General Sherman set to work preparing for a winter campaign through the Carolinas. Pocotaligo, South Carolina, was fixed upon as the point at which the army should concentrate. Part of the forces were sent by water, and part were to move by land across the country, and pontoon bridges were thrown across the Savannah River, upon which the army and is train were to cross. On the 18th of January the movement began, with General Raum's Brigade in advance. He had crossed the river and the adjacent rice plantations with his troops, artillery and baggage train, when a tremendous rain storm set in, which flooded the rice fields and injured the pontoon bridges so as to prevent the passage of the other troops, which found a crossing higher up the river.

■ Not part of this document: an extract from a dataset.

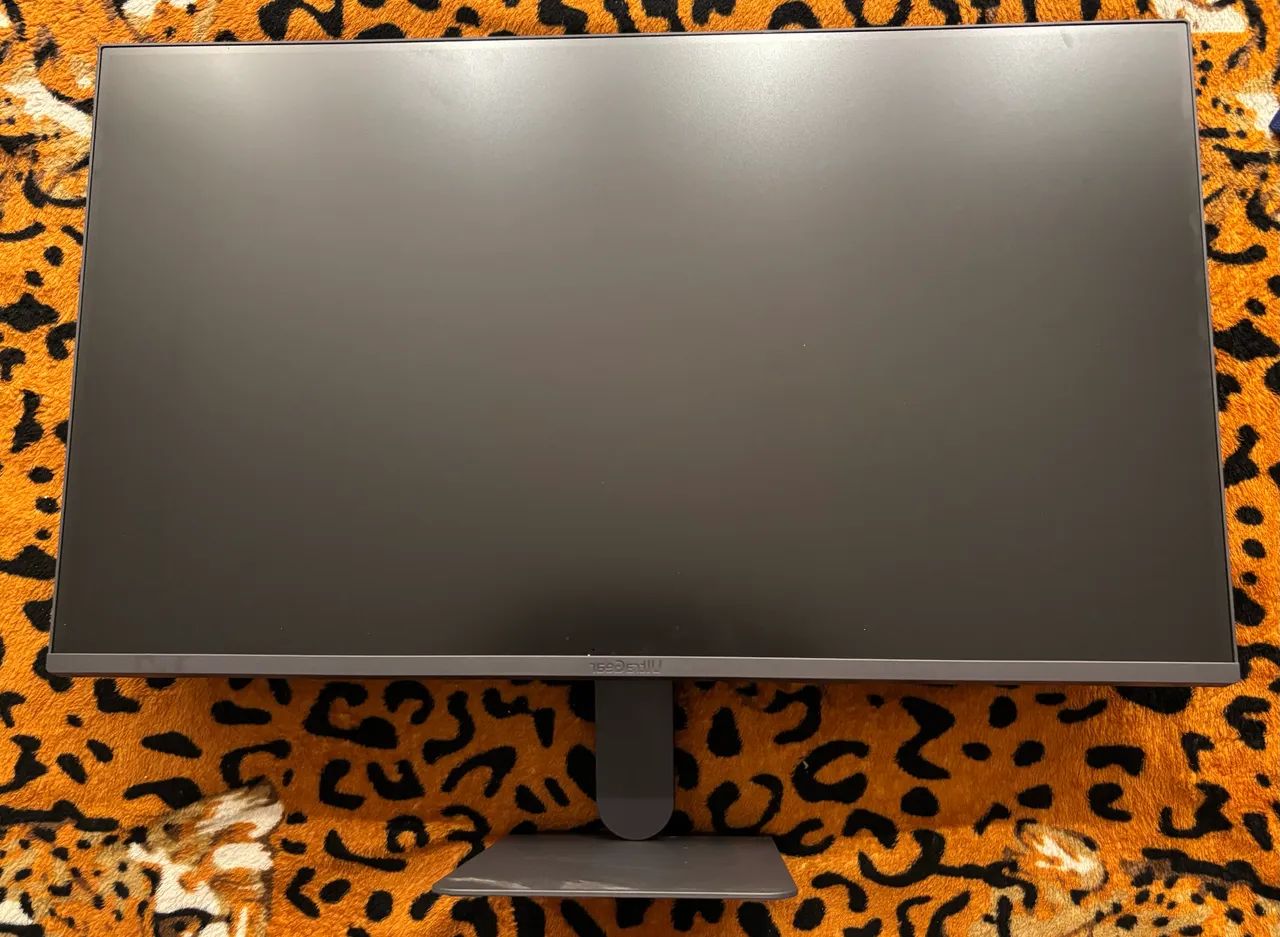 Monitor gamer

The Fifty-sixth Illinois, with its Brigade, marched across the country to Pocotaligo, the place of rendezvous. From this point the Army started upon one of the most momentous movements of the war, and this Regiment acquitted itself with high credit, as did the whole army. It took part in the battle of Bentonville.
The time of service of the non-veterans of the Regiment having expired in February, in the latter part of March, when the Army had reached North Carolina and had communicated with reinforcements at the seaboard, these soldiers, with many other non-veterans, were ordered home to be mustered out of the service. Twelve officers and 193 enlisted men of this Regiment embarked on the steamship General Lyon. She encountered a storm, and, when off Cape Hatteras, caught fire, and about 500 person met their death in the flames or in the sea. Twenty-eight persons were saved, of these five were enlisted men of this Regiment; and thus, on March 31, 1865, 200 men of this Regiment, as noble and brave as any who fought for the Union, perished. After the surrender of General Johnson's army to General Sherman the army of Georgia marched to Washington, and there the Fifty-sixth Illinois Regiment took part in the great review. The Regiment remained in the service for a few months after this event, going first to Louisville, Kentucky, and then to Arkansas, and was mustered out of the service August 12, 1865.
It was the good fortune of this Regiment to participate in nearly all the great campaigns of the Western Army. It never turned its back upon the enemy; it never was driven from a position, and was never engaged in an unsuccessful battle.
On its flag staff at the capitol of Illinois upon a silver plate are these words: Sub hoc signo vinces.